ビットコインがまた爆上げ寸前!米イラン和平期待で原油安、6万5000ドル突破なら暗号資産相場が一変
米イラン和平への期待で原油価格が下落するなか、ビットコインは6万4,000ドル台を回復。市場では「6万5,000ドル突破」が暗号資産全面高の号砲になるとの見方も出ている。

ビットコイン(BTC)が、またぞろ市場の主役に躍り出ようとしている。
金曜日、米国とイランの和平機運を背景に原油価格が抑えられるなか、ビットコインは7月の新高値をうかがう展開となった。
ビットコイン、6万4,350ドルに到達 ドル高・原油安のなかで上昇
トレーディングビューのデータによると、BTC/USDは6万4,000ドル(約1,039万円)を突破。3週間ぶり高値まで、あと400ドル(約6万5,000円)に迫った。

BTC/USD four-hour chart. Source: Cointelegraph/TradingView
米国とイランの和平合意がなお救済されるのではないか――。

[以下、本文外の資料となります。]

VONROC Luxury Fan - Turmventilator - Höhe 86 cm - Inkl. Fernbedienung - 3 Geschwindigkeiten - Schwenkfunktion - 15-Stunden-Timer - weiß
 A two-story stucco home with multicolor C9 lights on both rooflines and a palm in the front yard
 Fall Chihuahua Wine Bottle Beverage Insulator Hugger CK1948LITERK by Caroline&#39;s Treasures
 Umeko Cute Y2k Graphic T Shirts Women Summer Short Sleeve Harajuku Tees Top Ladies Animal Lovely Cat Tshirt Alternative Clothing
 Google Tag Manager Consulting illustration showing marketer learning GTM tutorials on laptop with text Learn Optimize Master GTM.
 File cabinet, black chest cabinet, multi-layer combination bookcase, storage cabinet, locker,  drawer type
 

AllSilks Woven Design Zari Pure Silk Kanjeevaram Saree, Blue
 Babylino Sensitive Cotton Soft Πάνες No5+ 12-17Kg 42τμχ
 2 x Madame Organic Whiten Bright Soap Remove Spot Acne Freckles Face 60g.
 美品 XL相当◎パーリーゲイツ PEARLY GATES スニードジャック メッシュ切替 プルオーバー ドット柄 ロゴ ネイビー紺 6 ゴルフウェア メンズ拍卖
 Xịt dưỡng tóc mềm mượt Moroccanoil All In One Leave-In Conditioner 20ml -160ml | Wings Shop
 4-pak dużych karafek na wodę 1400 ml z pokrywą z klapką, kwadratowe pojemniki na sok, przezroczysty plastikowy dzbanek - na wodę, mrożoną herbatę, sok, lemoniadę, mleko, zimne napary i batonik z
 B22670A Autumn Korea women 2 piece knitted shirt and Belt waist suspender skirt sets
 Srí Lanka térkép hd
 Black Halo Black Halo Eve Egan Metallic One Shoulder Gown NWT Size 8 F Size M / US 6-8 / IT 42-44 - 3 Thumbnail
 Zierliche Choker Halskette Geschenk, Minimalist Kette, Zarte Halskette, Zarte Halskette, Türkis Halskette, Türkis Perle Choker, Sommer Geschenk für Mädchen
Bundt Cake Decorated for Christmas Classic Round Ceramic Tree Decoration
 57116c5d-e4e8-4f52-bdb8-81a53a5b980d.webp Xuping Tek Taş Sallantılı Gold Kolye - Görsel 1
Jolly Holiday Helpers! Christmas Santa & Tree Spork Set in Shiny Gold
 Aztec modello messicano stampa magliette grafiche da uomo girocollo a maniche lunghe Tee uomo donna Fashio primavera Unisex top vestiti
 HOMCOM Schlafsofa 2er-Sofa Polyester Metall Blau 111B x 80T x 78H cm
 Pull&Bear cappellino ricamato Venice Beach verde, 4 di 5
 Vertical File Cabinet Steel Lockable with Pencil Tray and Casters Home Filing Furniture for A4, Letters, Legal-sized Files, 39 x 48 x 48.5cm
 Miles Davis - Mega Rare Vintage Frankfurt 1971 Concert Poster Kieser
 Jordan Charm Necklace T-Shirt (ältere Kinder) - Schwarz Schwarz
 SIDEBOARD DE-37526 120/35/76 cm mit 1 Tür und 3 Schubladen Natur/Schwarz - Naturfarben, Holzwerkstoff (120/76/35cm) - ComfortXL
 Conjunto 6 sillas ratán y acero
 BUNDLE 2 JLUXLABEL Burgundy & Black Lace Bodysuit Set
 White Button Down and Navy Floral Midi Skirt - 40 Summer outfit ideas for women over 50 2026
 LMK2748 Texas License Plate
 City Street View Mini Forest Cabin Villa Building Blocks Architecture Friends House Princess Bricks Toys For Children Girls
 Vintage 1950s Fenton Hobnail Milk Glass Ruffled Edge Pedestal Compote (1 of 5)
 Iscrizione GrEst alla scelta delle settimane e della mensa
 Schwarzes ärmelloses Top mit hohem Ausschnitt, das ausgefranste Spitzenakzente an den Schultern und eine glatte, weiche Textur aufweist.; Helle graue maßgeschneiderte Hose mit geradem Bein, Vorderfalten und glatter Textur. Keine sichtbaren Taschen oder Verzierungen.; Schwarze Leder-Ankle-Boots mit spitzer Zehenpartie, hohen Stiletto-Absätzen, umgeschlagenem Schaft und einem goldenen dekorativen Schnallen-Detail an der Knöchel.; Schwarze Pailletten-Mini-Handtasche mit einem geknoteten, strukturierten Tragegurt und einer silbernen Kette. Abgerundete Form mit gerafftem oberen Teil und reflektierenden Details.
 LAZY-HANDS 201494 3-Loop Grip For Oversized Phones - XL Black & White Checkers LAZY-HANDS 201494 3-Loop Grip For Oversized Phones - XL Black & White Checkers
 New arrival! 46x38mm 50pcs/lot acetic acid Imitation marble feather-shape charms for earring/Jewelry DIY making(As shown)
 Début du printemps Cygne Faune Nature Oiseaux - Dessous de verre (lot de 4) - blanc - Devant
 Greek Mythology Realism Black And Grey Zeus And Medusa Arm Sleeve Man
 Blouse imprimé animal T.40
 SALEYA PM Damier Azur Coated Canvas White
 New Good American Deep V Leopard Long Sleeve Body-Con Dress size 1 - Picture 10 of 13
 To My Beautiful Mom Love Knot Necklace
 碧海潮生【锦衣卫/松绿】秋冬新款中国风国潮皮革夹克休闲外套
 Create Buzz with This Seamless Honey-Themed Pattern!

そんな期待が市場に残るなか、米国産WTI原油は1バレル76ドル(約1万2,300円)で跳ね返された後、安値圏にとどまった。

CFDs on US WTI crude oil one-day chart. Source: Cointelegraph/TradingView
一方、米ドル高の勢いも3日連続で鈍化。米ドル指数(DXY)は6月中旬以来の低水準に近づいている。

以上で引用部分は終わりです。